Gordon Ramsay's Secret To Cooking The Perfect Turkey

Given Gordon Ramsay's thoroughly British roots, it may seem a little off for him to be dispensing cooking advice for a holiday as thoroughly American as Thanksgiving. The holiday meal is based on a three-day feast shared between pilgrims off the Mayflower and Wampanoag tribal members in 1621 (via National Geographic). As Ramsay's hometown newspaper The Guardian points out, the only reason those pilgrims ever met the Wampanoag tribe was their desire to get away from Ramsay's British Isles.
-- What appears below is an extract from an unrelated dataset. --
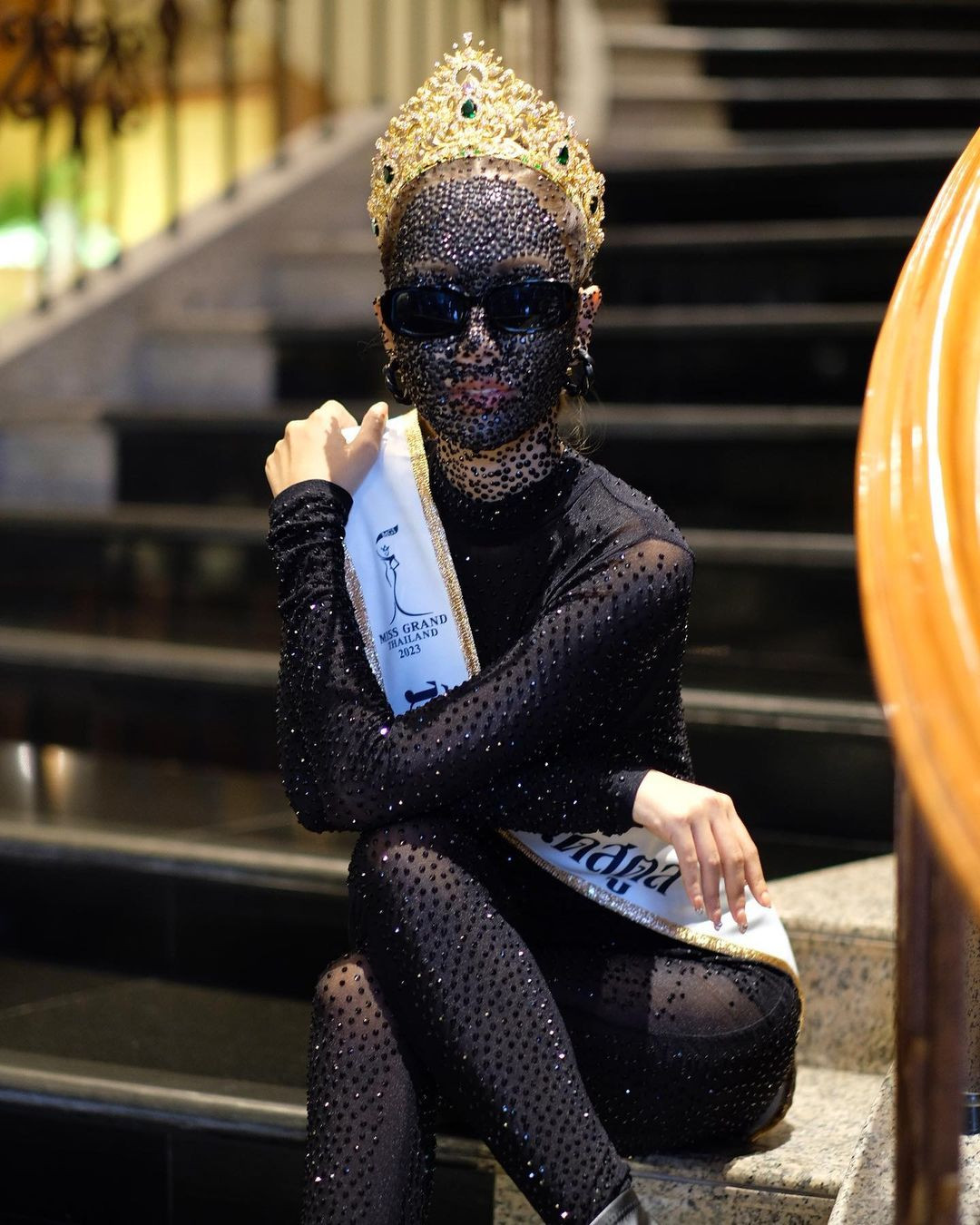 Sự xuất hiện của Hoa hậu Hòa bình Satun 2023 trở thành chủ đề bàn tán sôi nổi trên mạng xã hội. Với những màn làm lố của dàn thí sinh, cuộc thi Hoa hậu Hòa bình Thái Lan bị khán giả so sánh với "rạp xiếc". Thành công trong việc trở thành cuộc thi nhan sắc gây tò mò nhất xứ sở chùa vàng, tuy nhiên ông Nawat và ê-kíp của mình cũng đang dần đánh mất cảm tình của công chúng.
Then again, maybe we shouldn't be so quick to dismiss Ramsay's Thanksgiving expertise. His fellow countrymen and women are slowly but surely adopting the American holiday as their own, as The Guardian pointed out. Besides, if Ramsay can pull off that fantastic beef Wellington he's so famous for (via Gordon Ramsay Restaurants), then he should be able to master the relatively straightforward roasted turkey.

Ramsay taught his legions of YouTube fans (18.4 million subscribers and counting) how to make a quality holiday meal during a livestream on YouTube, on November 17. He was broadcasting from his home in Los Angeles, proving that the "Hell's Kitchen" host is more American than we've been giving him credit for. During that livestream, Ramsay gave away his secret to cooking the perfect Thanksgiving turkey.

Gordon Ramsay says a turkey's resting time should be as long as its cooking time

During a question-and-answer session with fans in the middle of his YouTube livestream, Gordon Ramsay was asked how long it takes to cook a turkey. It doesn't take a Michelin-starred chef to answer that one: It depends on the size of the bird, of course — although Ramsay said, as a general rule, you should cook your Thanksgiving main course for two and a half to three hours minimum. Then he went on to reveal some of his turkey-cooking tips.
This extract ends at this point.